◆ Exercise goal:
In the entries below, find the line with "sandwich icon" and the line with "Ume Plum Liqueurn Bong". Repeat exactly everything between them, those two lines included, but not the pictures.
(Supplied records begins)
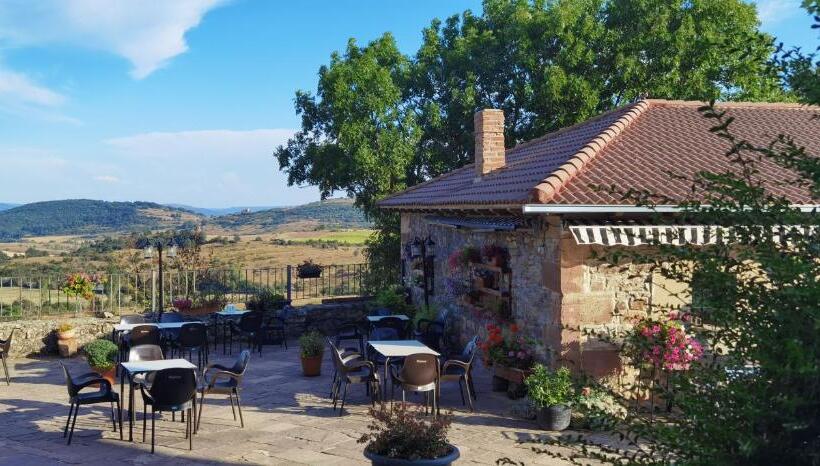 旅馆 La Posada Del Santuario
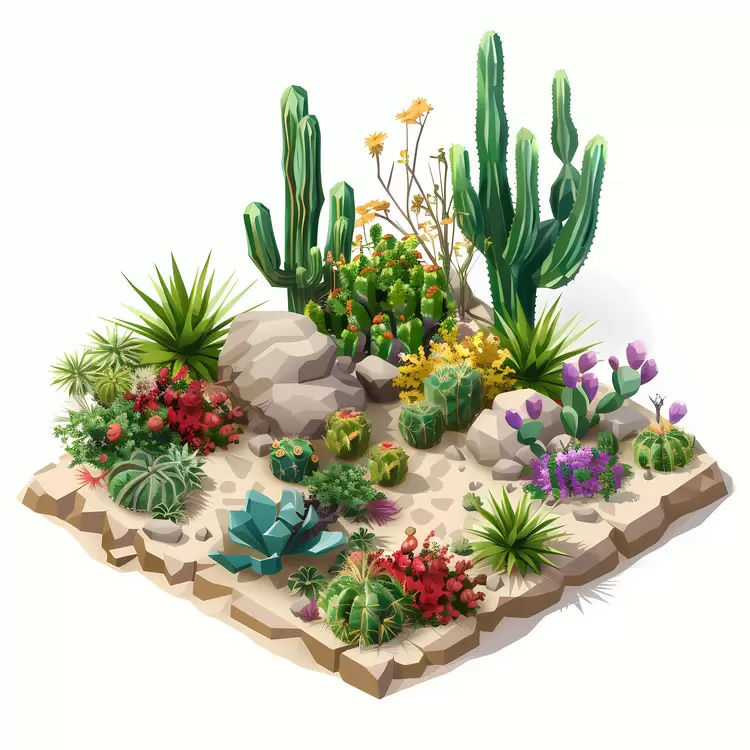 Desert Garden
(Supplied records ends)
(Supplied records begins)
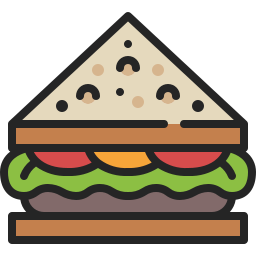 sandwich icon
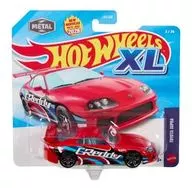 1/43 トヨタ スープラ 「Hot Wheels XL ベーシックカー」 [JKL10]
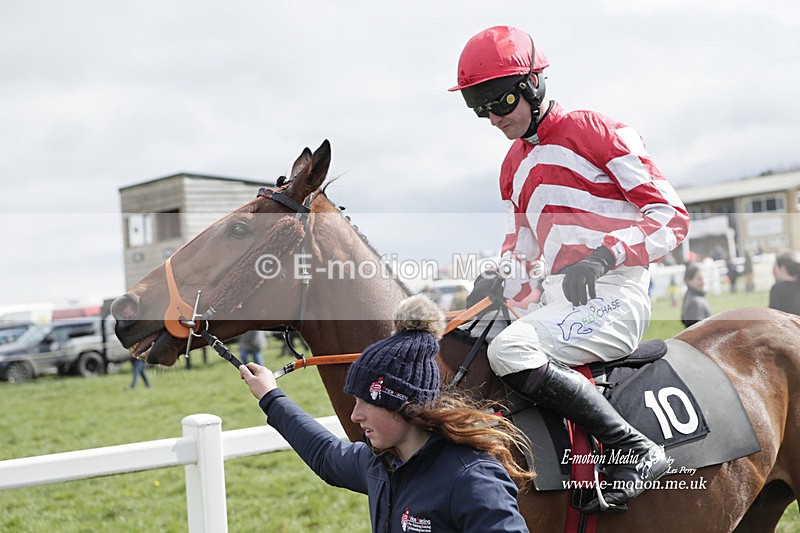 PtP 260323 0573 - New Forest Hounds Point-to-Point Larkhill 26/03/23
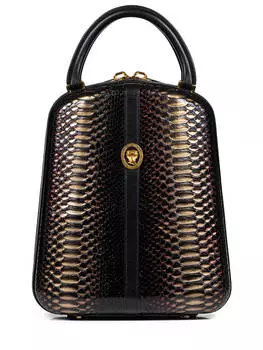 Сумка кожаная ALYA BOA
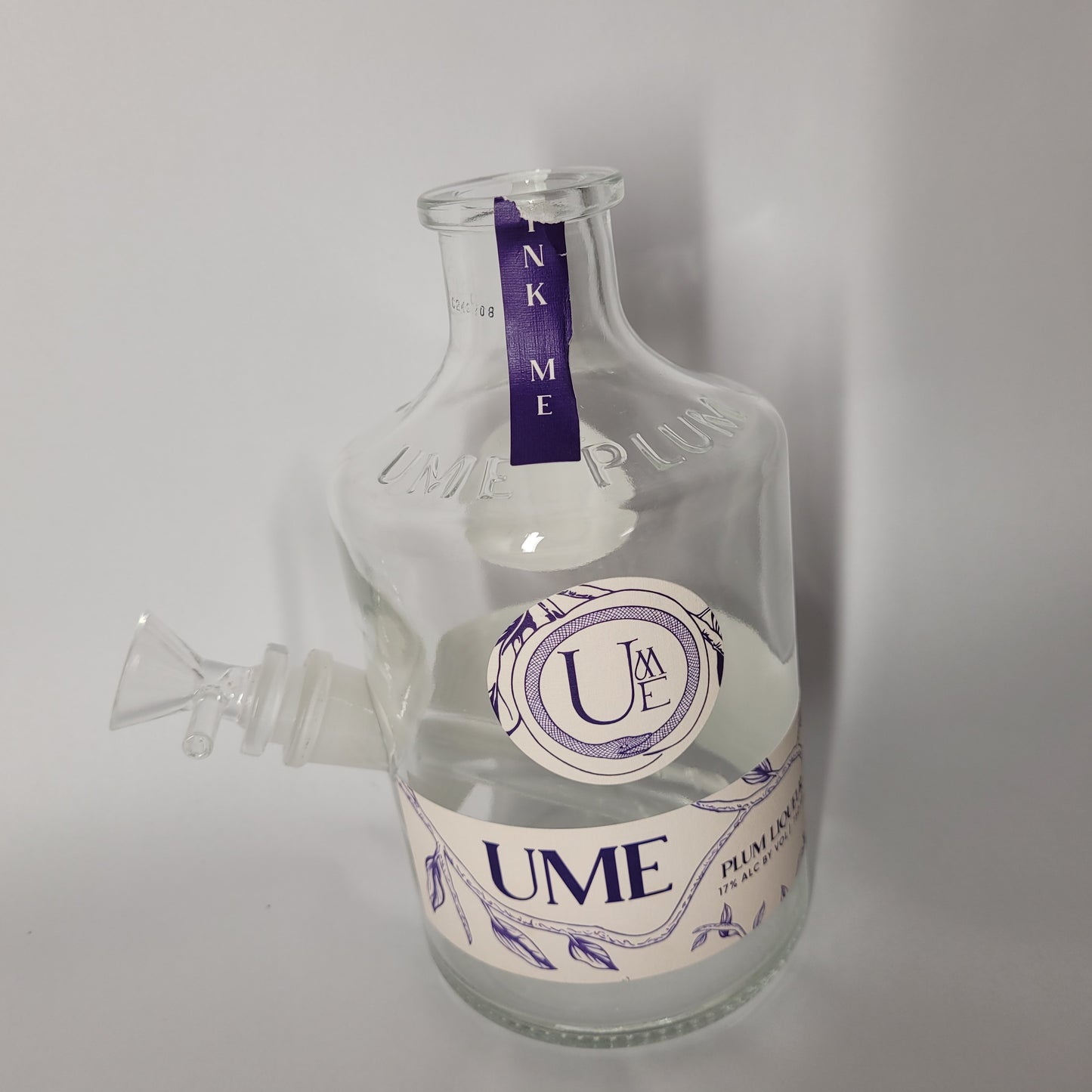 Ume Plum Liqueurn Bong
(Supplied records ends)
◆ Solution to this task:
 sandwich icon
 1/43 トヨタ スープラ 「Hot Wheels XL ベーシックカー」 [JKL10]
 PtP 260323 0573 - New Forest Hounds Point-to-Point Larkhill 26/03/23
 Сумка кожаная ALYA BOA
 Ume Plum Liqueurn Bong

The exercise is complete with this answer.